Marketplace Simulations web services uptime APAC region on August 30: 96.66%.
Marketplace Simulations web services uptime APAC region last 30 days: 99.89%.
Marketplace Simulations web services uptime LATAM region on August 30: 97.28%.
Marketplace Simulations web services uptime LATAM region last 30 days: 99.91%.
Marketplace Simulations web services uptime US&EU region on August 30: 99.86%.
Marketplace Simulations web services uptime US&EU region last 30 days: >99.99%.
The actions taken to mitigate or resolve the incident: The Marketplace web service monitoring notified the sysadmins about the issue. The first analysis showed the issue was geographically spread. However, we knew that the Marketplace web services were functioning properly. We suspected an issue with one of the Internet backbones. We reached out to the Marketplace webhosting provider (Flexential.com). Flexential admin on-call stated that the Flexential network team was seeing a widespread issue in the CenturyLink/Level3 network. We were told that the Flexential network team was working on routing the traffic inbound to Flexential so that it was not flowing via CenturyLink/Level3 network.

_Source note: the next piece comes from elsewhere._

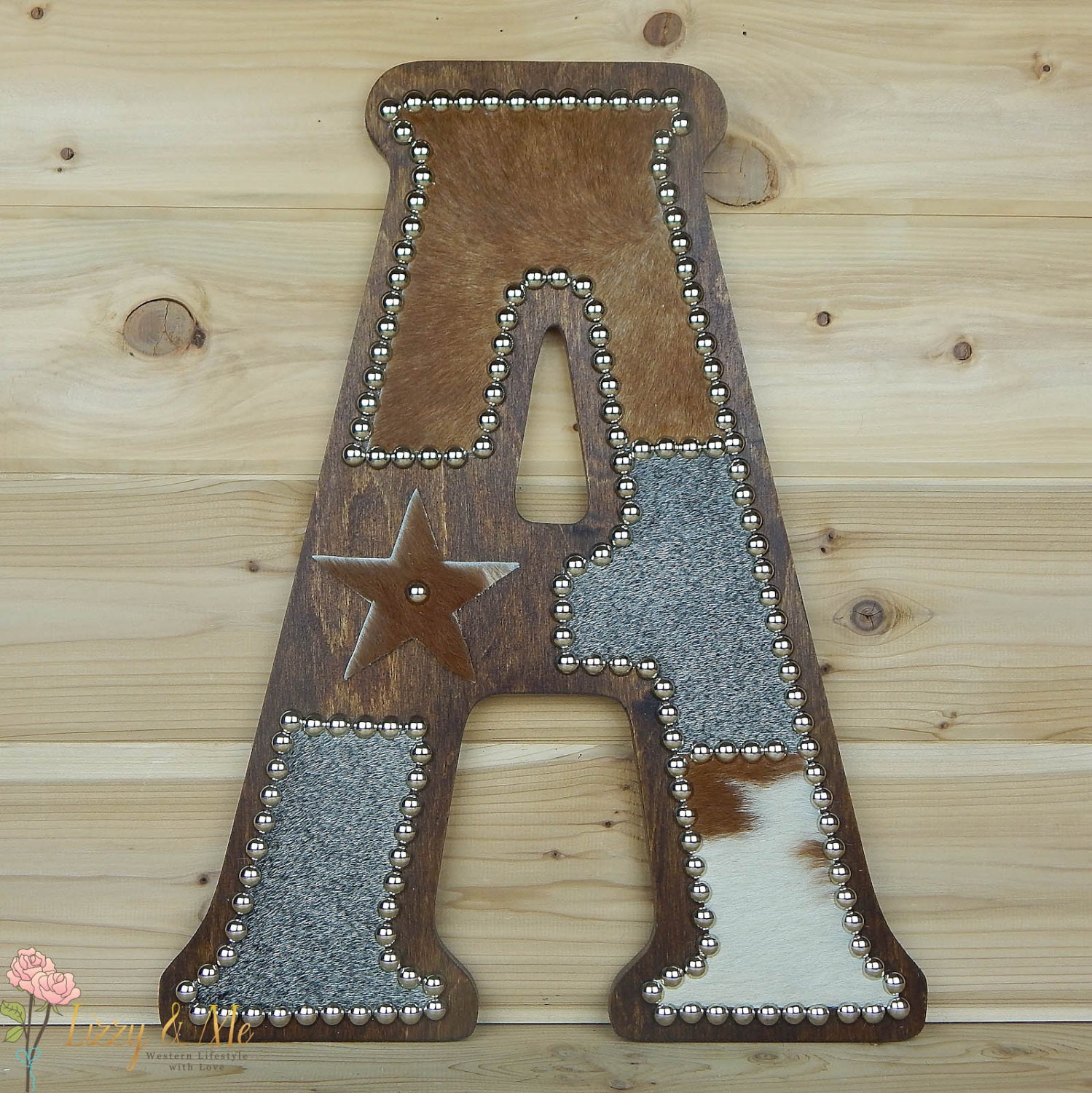 Cowhide Wall Letter A Western Home Decor Wall Hanging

The incident's root cause: At this point, we do not have the Root Cause Analysis from CenturyLink/Level3 via Flexential. We are sharing a blog entry by CloudFlare (https://blog.cloudflare.com/analysis-of-todays-centurylink-level-3-outage/), which provides a good summary of the observed event.
Follow-up actions taken to prevent the incident from happening again: We are going to investigate if we need to purchase additional services that would help us minimize the impact of the kind of issues experienced in the CenturyLink/Level3 network.